In the literature, EPSS designers have used classical instructional design approaches (e.g. ADDIE) (Benko & Webster, 1997; Graham & Sheu, 2000), a modification of ED4 (an instructional design and development methodology from Digital Equipment Corporation) (Brown, 1996), rapid prototyping (Tripp & Bichelmeyer, 1990; Law, Okey & Carter, 1995), prototyping and layers of necessity (Wedman & Tessmer, 1991; Northrup et al., 1998), or combination of them (Gustafson, 2000). Witt and Wager (1994) report that large companies modify the ISD models “to meet the unique challenges and complexities of EPSS solutions.” (p. 20)

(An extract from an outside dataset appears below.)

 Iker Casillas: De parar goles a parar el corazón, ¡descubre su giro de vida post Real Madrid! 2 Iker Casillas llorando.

However, as stated by several researchers (Wilson, 1999; Rosenberg, Coscarelli & Hutchison, 1999), ID models have several limitations in performance support systems development. The most significant problem with them is that they generally analyze the job tasks to identify whether someone can perform the task or not. Performance support is concerned with providing information and assistance when the employee needs it and how they need it (Witt & Wager, 1994). Rosenberg et al. (1999) report the necessity of a paradigm change to performance technology systems development models.
Habelow (2000) also raises the issue of the difference between the EPSS design process and ISD, and she discusses the need for involvement of other disciplines. She states
… most organizations have their own customized version of an ISD process that is used as an approach to the design of EPSS applications. With such a striking difference in perspective, learning versus performance, a new model of EPSS design and development that combines the instructional value of education focused models and incorporates a more technological perspective of computer and information systems models may be warranted. (p.76)

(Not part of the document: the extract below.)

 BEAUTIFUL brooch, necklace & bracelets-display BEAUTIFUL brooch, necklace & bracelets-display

Raybould (1995) suggests that the methodology for developing this electronic infrastructure must have a wider scope than other existing methodologies. He emphasizes the need for involving different elements in EPSS design methodology, namely human performance technology, instructional systems development, computer based training, information engineering, business process reengineering, knowledge engineering and technical writing and interface design (Raybould, 1995; Raybould, 2000).
Help from Other Fields
As stated above, an EPSS is composed of several modules or components. The implementation process needs to be based on multiple theories and approaches. Therefore, the process of building those components in an integrated manner has to be a multidisciplinary approach. Raybould (2000) calls this approach Performance Support Engineering (PSE).
For a successful EPSS design/development process, Hannafin, Hill and McCarthy (2000) emphasize the importance of welcoming other approaches that emerged outside of our traditional community, in other related disciplines. Similar to other researchers, they also agree on the multidisciplinary nature of EPSS design, stating that:
EPSS design practices represent a convergence among several related fields and specialties, including human performance technology, computer-supported collaborative work, technical communications, electronic publishing, instructional design, and workplace training. (p. 3)
Similarly, Gustafson (2000) affirms this view and argues that EPSS design/development is an immature technology, so exploring other disciplines and applying their related methodologies will definitely make a significant contribution to the work in EPSS design/development.